And numbers of babies born to women aged 50 and over are now at unprecedented highs.
In the country with one of the oldest average ages for first-time mothers in Europe, where approximately one in five women have their first child in their 40s and three-quarters of females aged 35 do not have kids – even if they want to – babies conceived and live births in mums near the end of their fertile years, or even after these are over, are becoming the 'new normal' in Spain.
Stigma surrounding older new parents is almost non-existent, and with job stability and home ownership gradually coming later and later in the lives of men and women alike, the birth rate is one of the lowest in Europe and parenthood tends to be a decision made at the last minute before running out of time.
Babies born to women 50 or over total 64 in three months
Over the first three months of 2021, a total of 682 babies were born to mothers aged 45 to 49 inclusive – still a leap on the same months of 2016, when the total was 577 – and, during exactly the same quarter of 2022, mums of this age group had 910 babies.
Back in 2016, infants born to women aged 50 and over totalled just 27, and the highest on record since then has been 52, but from January to March 2022 inclusive, a total of 64 women aged 50 or over had a baby.

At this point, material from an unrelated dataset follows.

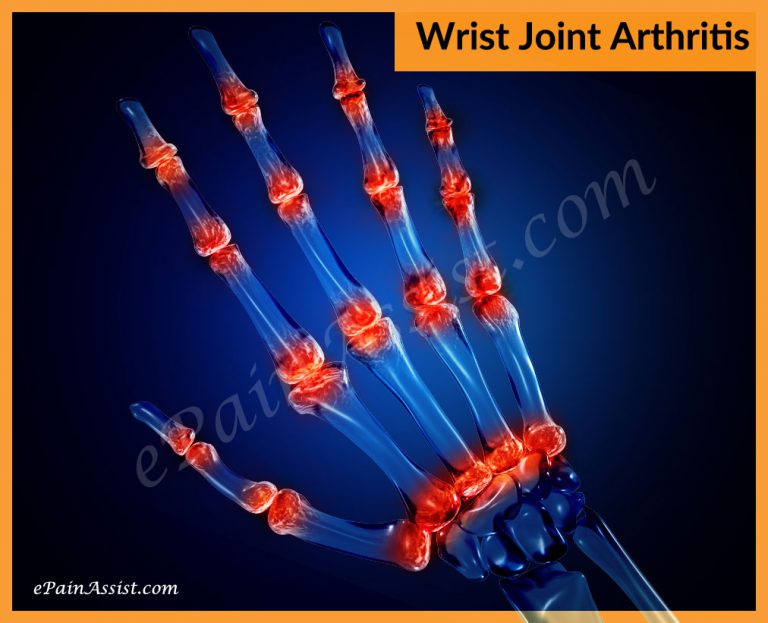 Wrist Joint Arthritis: Symptoms, Causes, Treatment- Medications, NSAIDs, PT, Surgery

In total, therefore, women aged over 44, with no upper age limit, brought 974 new humans into Spanish society in the first quarter of this year.
The figures, for both age groups separately and together, are the highest ever seen, according to INE data, and the increase is substantial: A jump of 42.8% on the same three months of 2021.

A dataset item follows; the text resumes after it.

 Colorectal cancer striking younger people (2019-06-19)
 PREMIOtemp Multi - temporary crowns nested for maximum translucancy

Births were up across all ages in the first quarter of 2022, in fact, says the INE.
From January 1 to March 31, a total of 79,885 babies were born, being an increase of 2,676 on the same period last year.
It would seem likely that would-be parents decided to shelve any imminent plans to have children when the pandemic struck, due to public health fears and worries about job insecurity or a fall in income, then began to feel 'safe' to conceive from about spring last year onwards.
'Baby fever' seemed to have calmed by around the beginning of summer last year, though, since the number of births in March 2022 was actually down slightly on the same month of 2021, by 7.4% - to a total of 26,843 mid-late Pisceans and early Taureans – or a drop of 2,132.
Figures were also down in March from 2020 – babies conceived in the final pre-pandemic summer went onto become 29,263 births, meaning in the same month of 2022, they had reduced in number by 8.3%, or 2,420.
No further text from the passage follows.